──────── MATERIAL FOR THIS EXERCISE ────────

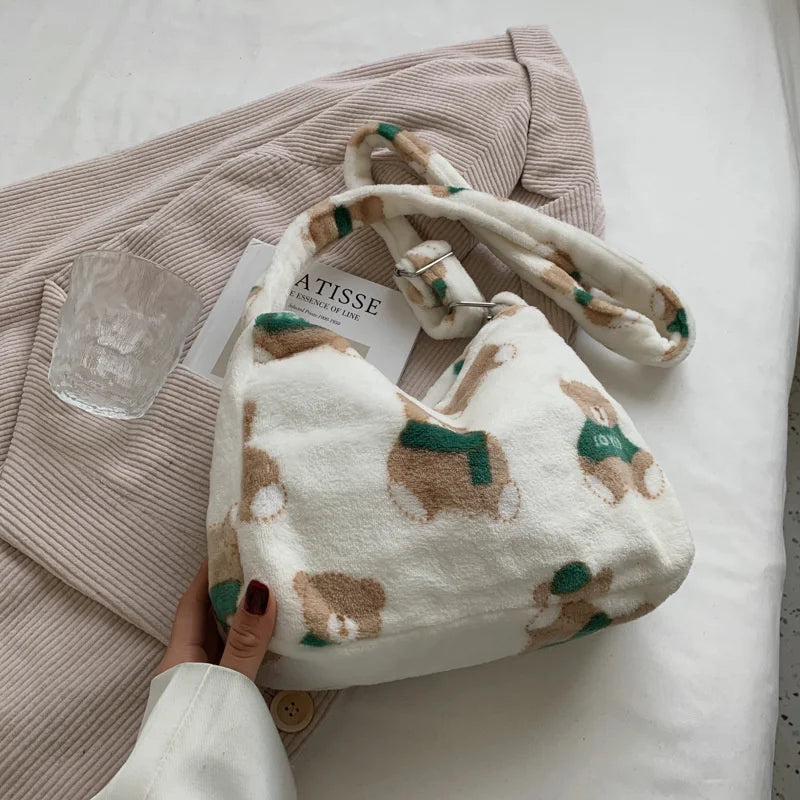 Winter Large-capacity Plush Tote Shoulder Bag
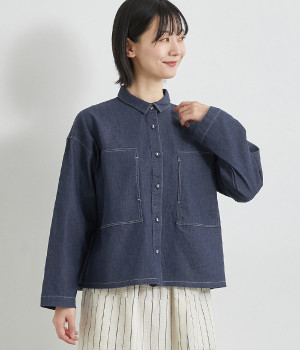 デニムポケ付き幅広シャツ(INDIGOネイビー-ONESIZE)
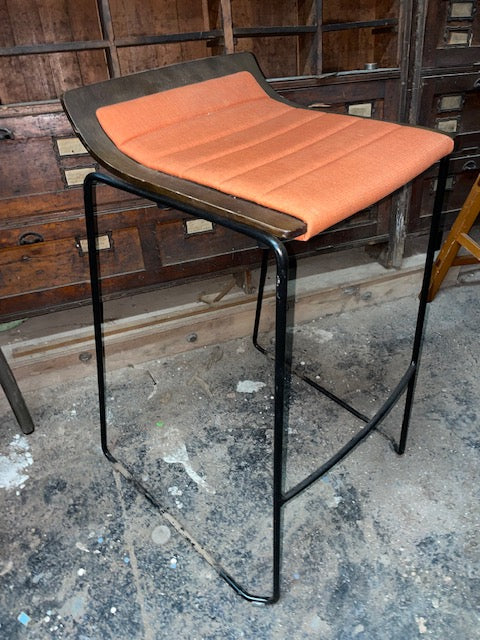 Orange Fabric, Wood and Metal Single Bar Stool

────────
──────── MATERIAL FOR THIS EXERCISE ────────

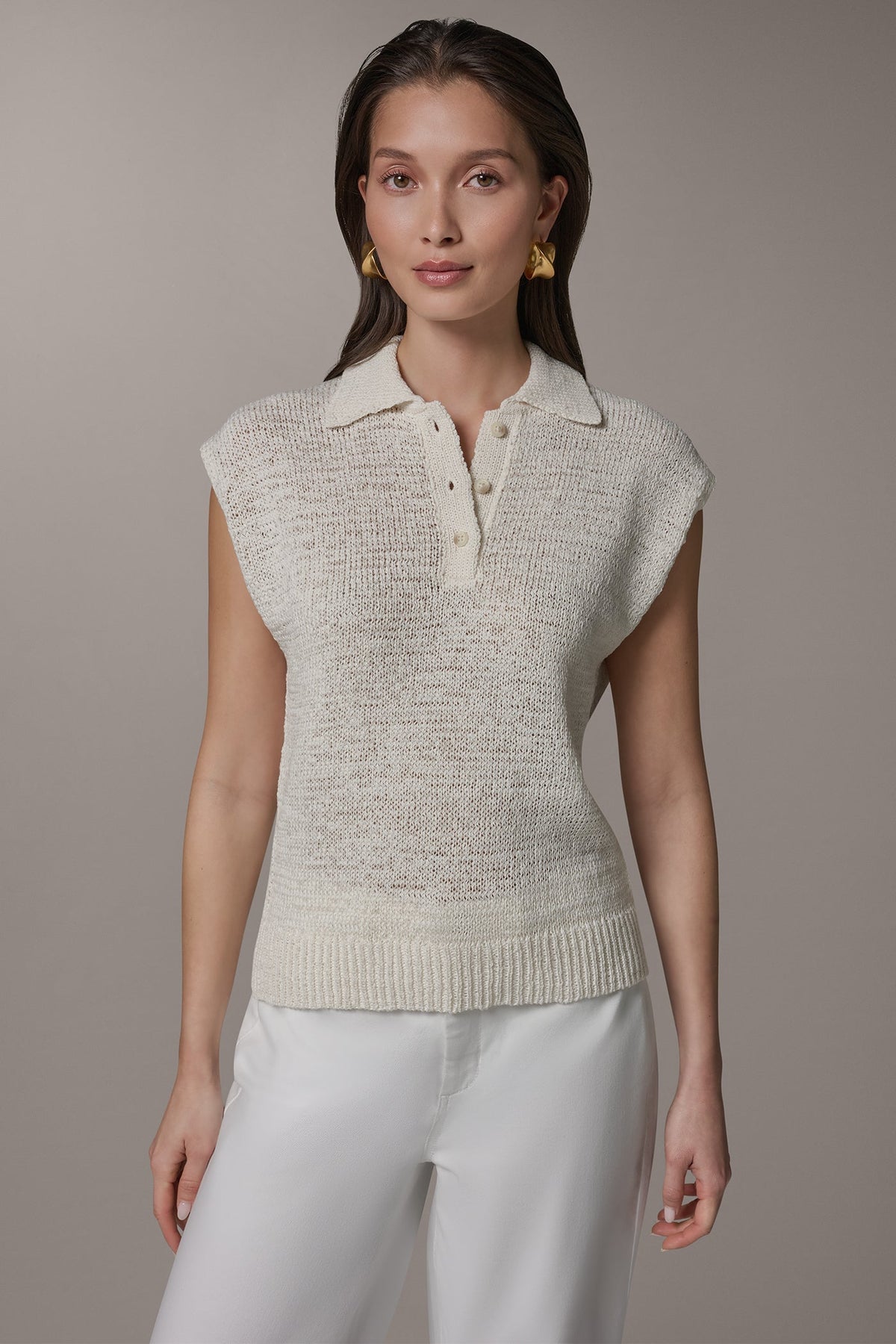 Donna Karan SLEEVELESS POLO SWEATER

────────

THE TASK: I would like the exact lines from the data above, starting with the one that holds "Winter Large-capacity Plush" and going on through the one that holds "Orange Fabric, Wood", without the pictures.

YOUR RESPONSE:
 Winter Large-capacity Plush Tote Shoulder Bag
 デニムポケ付き幅広シャツ(INDIGOネイビー-ONESIZE)
 Orange Fabric, Wood and Metal Single Bar Stool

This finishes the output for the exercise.